Directions.
Write out exactly the lines from the one holding "MENNEKES Switchable IP67" to the last line of the entries, both ends included and nothing else, without the pictures.

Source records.
+ + +
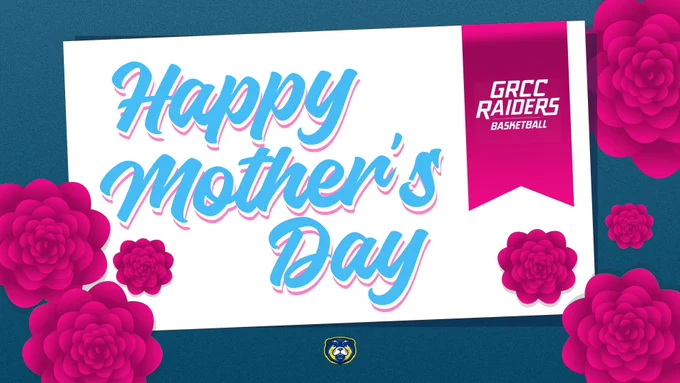 Graphic stating Happy Mother’s Day in a light blue font w/ pink flowers placed in 3 of the 4 corners. Includes GRCC otter logo.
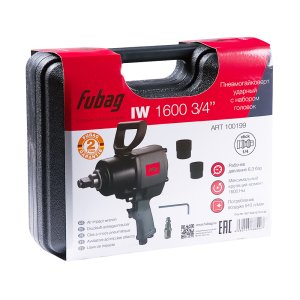 FUBAG Пневмогайковерт ударный IW1600 3/4 дюйма с  набором головок в кейсе в Вологде фото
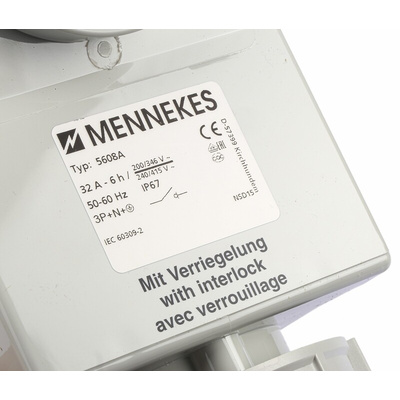 MENNEKES Switchable IP67 Industrial Interlock Socket 3PN+E, Earthing Position 6h, 32A, 400 V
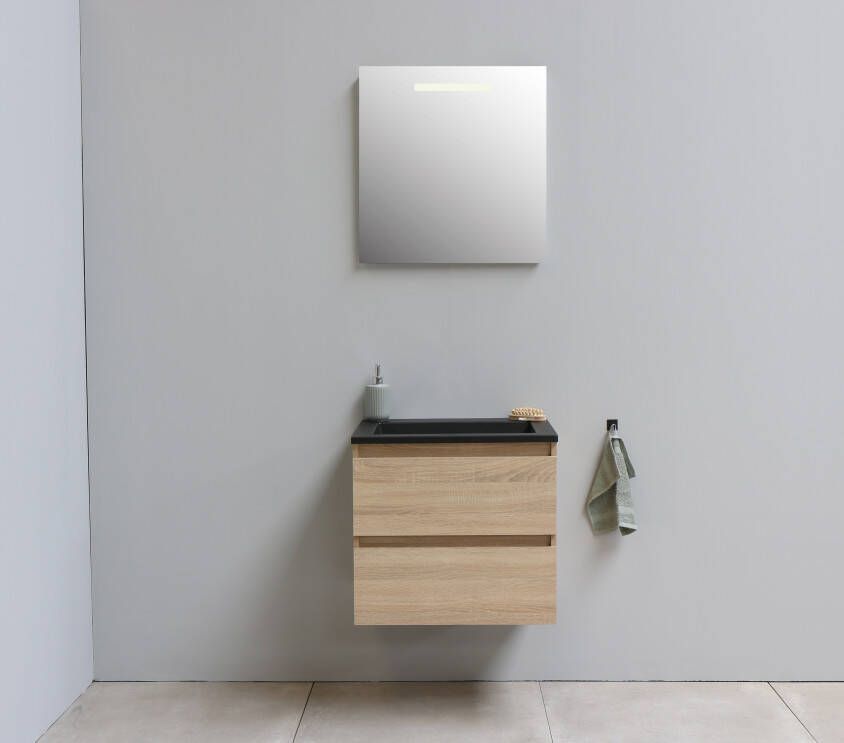 Bewonen Luuk badmeubel 60cm acryl wastafel Slade zwart zonder kraangat eiken met LED spiegel geassembleerd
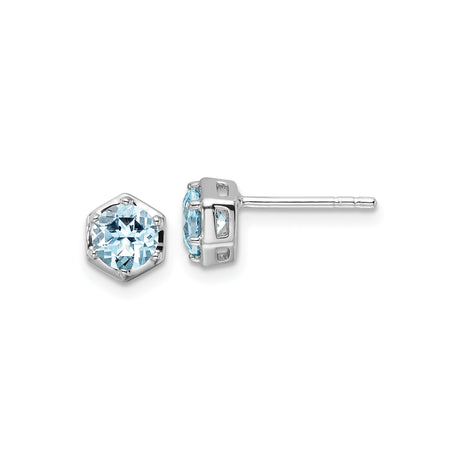 Sterling Silver Stud Earrings with Light Blue Faceted Gemstones in Hexagon Bezel Setting, Minimalist Modern Design for Women, Dainty Everyday Silver Studs, Classic Topaz Jewelry Look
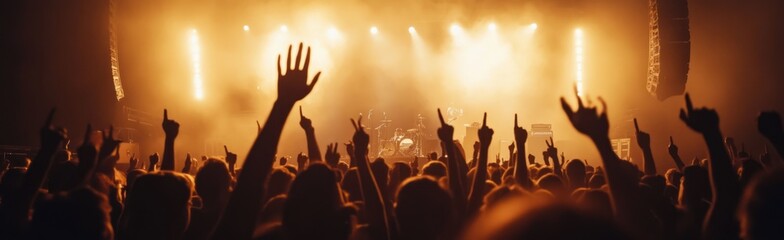 Energetic concert crowd with raised hands immersed in vibrant stage lights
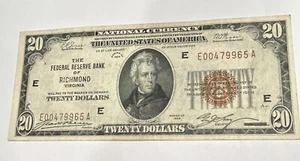1929 20 $ Federal Reserve Bank of Richmond FRB National Currency - Bild 1 von 2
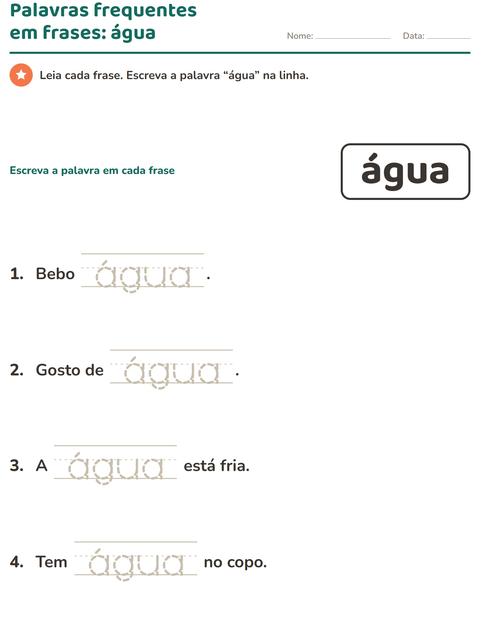Pré-visualização da ficha de Palavras frequentes para Educação infantil (pré-escola, 5-7 anos)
+ + +
Response to this exercise.
 MENNEKES Switchable IP67 Industrial Interlock Socket 3PN+E, Earthing Position 6h, 32A, 400 V
 Bewonen Luuk badmeubel 60cm acryl wastafel Slade zwart zonder kraangat eiken met LED spiegel geassembleerd
 Sterling Silver Stud Earrings with Light Blue Faceted Gemstones in Hexagon Bezel Setting, Minimalist Modern Design for Women, Dainty Everyday Silver Studs, Classic Topaz Jewelry Look
 Energetic concert crowd with raised hands immersed in vibrant stage lights
1929 20 $ Federal Reserve Bank of Richmond FRB National Currency - Bild 1 von 2
Pré-visualização da ficha de Palavras frequentes para Educação infantil (pré-escola, 5-7 anos)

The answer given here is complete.